Возьмем, например, следующий цикл:
for (int i = 0; i < m[].length; i++)
{
for (int j = 0; j < m[i].length; j++)
{
m[i][j]++;
}
}
И учитывая матрицу следующего макета:
j=0 j=1 j=2
i=0 [ ] [ ] [ ]
i=1 [ ] [ ] [ ]
i=2 [ ] [ ] [ ]
Параллельные конструкции существуют таким образом, что столбцы J могут быть отправлены на каждый компьютер, а отдельные столбцы вычисляются параллельно. Трудная часть распараллеливания возникает, когда у вас есть петли, содержащие зависимости.
for (int i = 0; i < m[].length; i++)
{
for (int j = 0; j < m[i].length; j++)
{
//For obvious reasons, matrix index verification code removed
m[i][j] = m[i/2][j] + m[i][j+7];
}
}
Очевидно, что цикл, подобный приведенному выше, становится чрезвычайно проблематичным (обратите внимание на матричные индексы.) Но существуют методы для разворачивания этих типов циклов и создания эффективных параллельных алгоритмов.
ANSWER
Возможно, Google разработал решение для вычисления собственного значения без сохранения копии матрицы на всех подчиненных компьютерах. -Or- Они использовали что-то вроде Монте-Карло или какой-то другой Аппликационный алгоритм, чтобы разработать "достаточно близкий" расчет.
Фактически, я бы зашел так далеко, что сказал, что Google пойдет как можно дольше, чтобы сделать любой расчет, необходимый для их алгоритма PageRank как можно более эффективным. Когда вы запускаете такие машины, как эти и this (обратите внимание на кабель Ethernet), вы не можете передавать большие наборы данных (100s концертов), потому что это невозможно с учетом их аппаратных ограничений товарных карт NIC.
С учетом сказанного, Google хорошо удивляет сообщество программистов, и их реализация может быть совершенно иной.
постамбула
Некоторые хорошие ресурсы для параллельных вычислений будут включать OpenMP и MPI. Обе параллельные реализации подходят к параллельным вычислениям из очень разных парадигм, некоторые из которых связаны с реализацией машины (кластер или распределенные вычисления).
Ответ 3
Я подозреваю, что он неприемлем для большинства матриц, кроме тех, которые имеют специальные структуры (например, разреженные матрицы или единицы с определенными блочными шаблонами). Там слишком много связей между матричными коэффициентами и собственными значениями.
PageRank использует очень разреженную матрицу специальной формы, и любые выводы из расчета ее собственных значений почти наверняка не распространяются на общие матрицы, (изменить: здесь другая ссылка, которая выглядит интересной)
Ответ 4
Теперь я могу ответить. Алгоритм PageRank использует преимущества разреженной матрицы, где он должен сходиться на собственном значении с несколькими самомножающимися.

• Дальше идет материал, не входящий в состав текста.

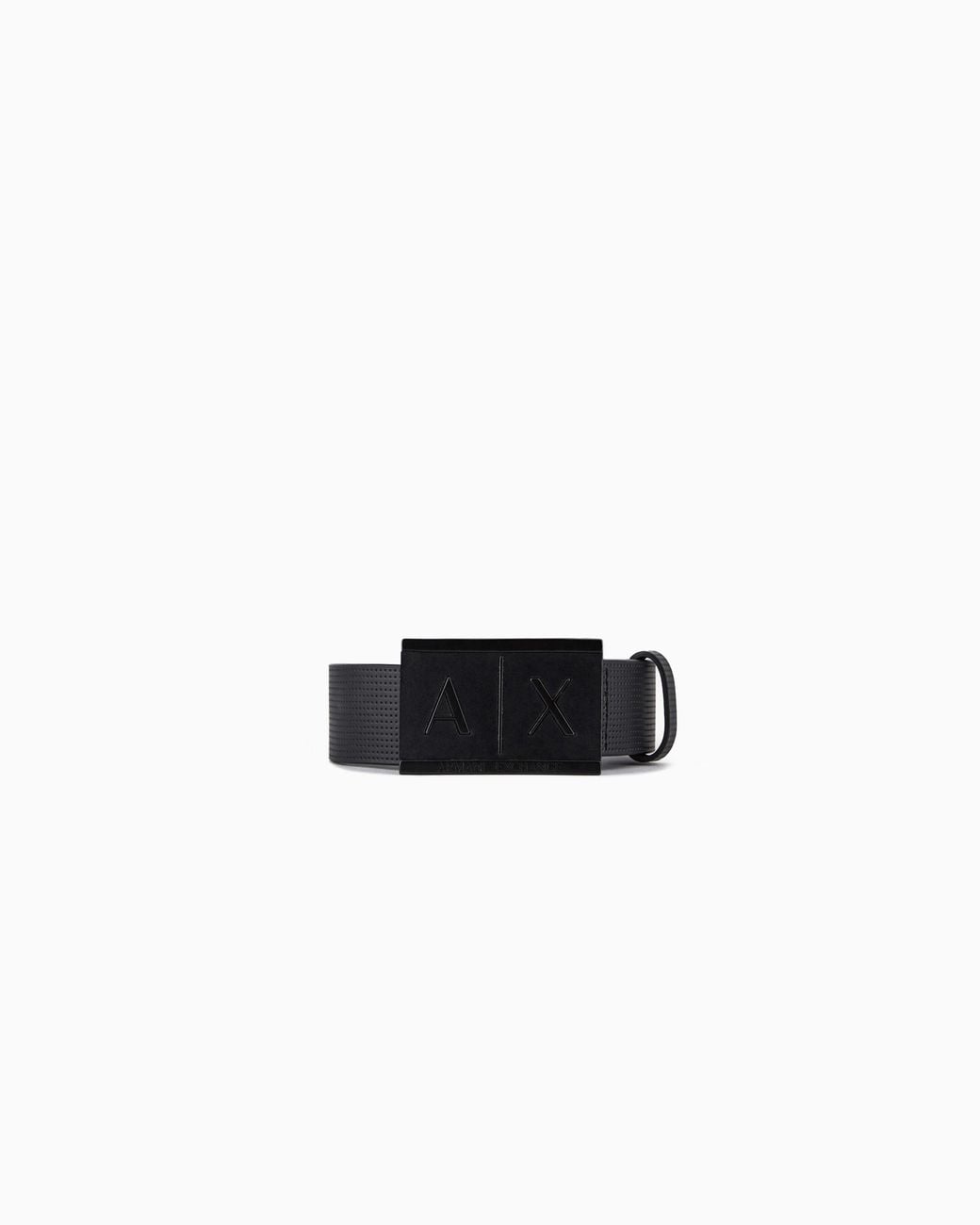 ARMANI EXCHANGE White Textured Leather Belt With An Embossed Logo Buckle for men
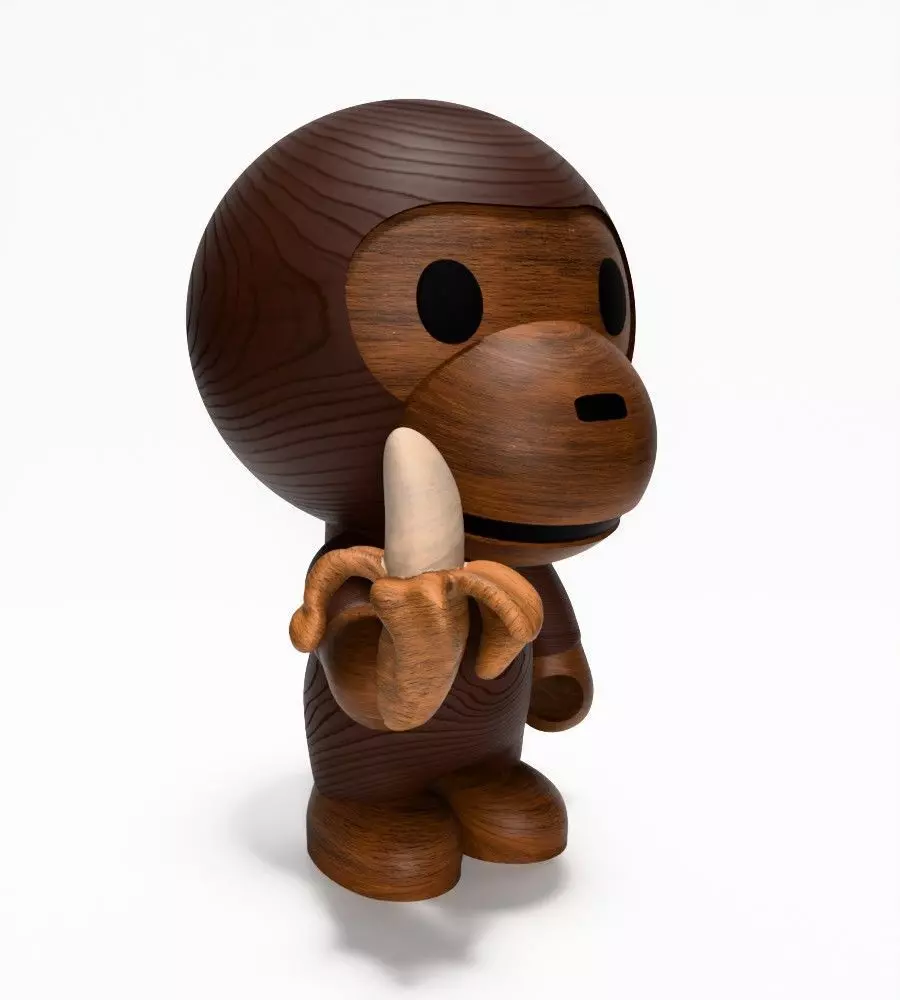 Bape Milo Banana Wooden toy 3D print model_20
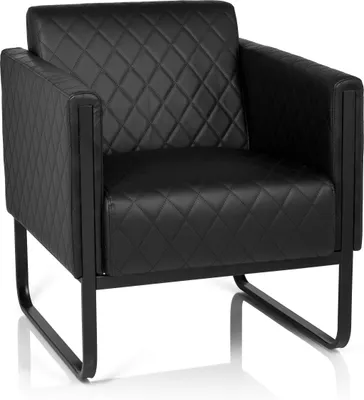 Produktbild von hjh OFFICE Polstersessel ARUBA BLACK Kunstleder Sessel Relaxsessel gepolstert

Таким образом, в практике PageRank действует процедура Map/Reduce. Вы можете выполнить умножение матрицы в процедуре Map и сформировать разреженную матрицу в процедуре "Уменьшить". Но для общего нахождения собственных значений матрицы, это все еще сложная задача.
Ответ 5
Проект apache hama имеет некоторую интересную реализацию алгоритма собственных значений Якоби. Он работает на хаопе. Обратите внимание, что вращение происходит при сканировании матрицы, а не в уменьшении карты.